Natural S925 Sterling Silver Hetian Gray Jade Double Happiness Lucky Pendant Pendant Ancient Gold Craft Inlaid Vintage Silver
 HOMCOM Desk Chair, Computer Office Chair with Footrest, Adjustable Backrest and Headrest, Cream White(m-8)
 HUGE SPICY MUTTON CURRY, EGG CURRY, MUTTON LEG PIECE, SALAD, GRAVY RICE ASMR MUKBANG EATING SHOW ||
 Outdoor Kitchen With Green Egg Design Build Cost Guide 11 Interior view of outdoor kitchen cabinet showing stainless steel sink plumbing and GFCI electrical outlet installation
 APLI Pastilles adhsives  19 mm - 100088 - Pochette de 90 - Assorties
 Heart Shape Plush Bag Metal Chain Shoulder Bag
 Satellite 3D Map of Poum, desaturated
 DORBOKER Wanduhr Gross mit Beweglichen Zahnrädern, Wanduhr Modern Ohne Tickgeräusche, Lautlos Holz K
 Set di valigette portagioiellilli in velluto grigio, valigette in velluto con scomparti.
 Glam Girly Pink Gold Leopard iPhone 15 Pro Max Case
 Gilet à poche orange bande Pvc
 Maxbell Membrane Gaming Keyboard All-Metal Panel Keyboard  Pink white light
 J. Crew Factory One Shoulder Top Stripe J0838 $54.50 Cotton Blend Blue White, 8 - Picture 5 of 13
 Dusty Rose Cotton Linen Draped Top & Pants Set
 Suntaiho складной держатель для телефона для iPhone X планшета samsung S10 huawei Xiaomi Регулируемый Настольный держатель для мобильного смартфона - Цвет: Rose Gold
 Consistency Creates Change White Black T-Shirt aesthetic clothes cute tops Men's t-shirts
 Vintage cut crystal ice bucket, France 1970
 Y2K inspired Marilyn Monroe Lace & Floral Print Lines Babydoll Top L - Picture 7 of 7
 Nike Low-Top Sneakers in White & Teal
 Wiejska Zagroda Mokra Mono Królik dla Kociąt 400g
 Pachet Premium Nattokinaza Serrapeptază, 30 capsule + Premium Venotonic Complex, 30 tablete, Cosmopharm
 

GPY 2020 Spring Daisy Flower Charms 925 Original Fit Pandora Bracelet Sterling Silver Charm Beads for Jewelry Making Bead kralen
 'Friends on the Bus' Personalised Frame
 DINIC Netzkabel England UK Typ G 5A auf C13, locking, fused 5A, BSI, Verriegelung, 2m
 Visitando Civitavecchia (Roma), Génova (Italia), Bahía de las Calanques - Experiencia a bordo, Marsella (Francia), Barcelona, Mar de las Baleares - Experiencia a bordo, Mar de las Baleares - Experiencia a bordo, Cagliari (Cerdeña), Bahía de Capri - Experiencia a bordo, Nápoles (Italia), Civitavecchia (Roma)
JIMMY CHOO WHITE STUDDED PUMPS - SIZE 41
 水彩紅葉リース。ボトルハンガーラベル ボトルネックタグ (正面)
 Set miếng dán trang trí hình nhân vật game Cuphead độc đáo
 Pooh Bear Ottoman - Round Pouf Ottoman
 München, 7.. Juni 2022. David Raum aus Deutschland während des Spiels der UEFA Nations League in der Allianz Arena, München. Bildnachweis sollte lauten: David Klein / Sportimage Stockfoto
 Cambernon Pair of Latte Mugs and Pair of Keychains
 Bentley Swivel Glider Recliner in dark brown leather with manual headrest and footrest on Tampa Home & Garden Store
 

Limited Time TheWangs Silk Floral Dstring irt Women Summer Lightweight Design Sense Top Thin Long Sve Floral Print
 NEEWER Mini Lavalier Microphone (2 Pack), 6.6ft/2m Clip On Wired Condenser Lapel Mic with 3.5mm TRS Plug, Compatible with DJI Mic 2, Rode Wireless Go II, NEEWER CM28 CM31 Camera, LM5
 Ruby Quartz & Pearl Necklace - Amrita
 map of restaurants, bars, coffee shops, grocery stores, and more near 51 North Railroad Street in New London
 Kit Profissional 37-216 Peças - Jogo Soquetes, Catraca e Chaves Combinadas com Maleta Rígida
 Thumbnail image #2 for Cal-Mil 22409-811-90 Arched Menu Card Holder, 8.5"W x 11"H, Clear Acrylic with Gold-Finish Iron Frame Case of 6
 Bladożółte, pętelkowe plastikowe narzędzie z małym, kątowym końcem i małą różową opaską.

************

- _TASK_
Scan the records above for the lines holding "APLI Pastilles adhsives" and "Gilet à poche orange bande Pvc". Transcribe those two and every line between them word for word, and no others.

- _SOLUTION TO THIS EXERCISE_
 APLI Pastilles adhsives  19 mm - 100088 - Pochette de 90 - Assorties
 Heart Shape Plush Bag Metal Chain Shoulder Bag
 Satellite 3D Map of Poum, desaturated
 DORBOKER Wanduhr Gross mit Beweglichen Zahnrädern, Wanduhr Modern Ohne Tickgeräusche, Lautlos Holz K
 Set di valigette portagioiellilli in velluto grigio, valigette in velluto con scomparti.
 Glam Girly Pink Gold Leopard iPhone 15 Pro Max Case
 Gilet à poche orange bande Pvc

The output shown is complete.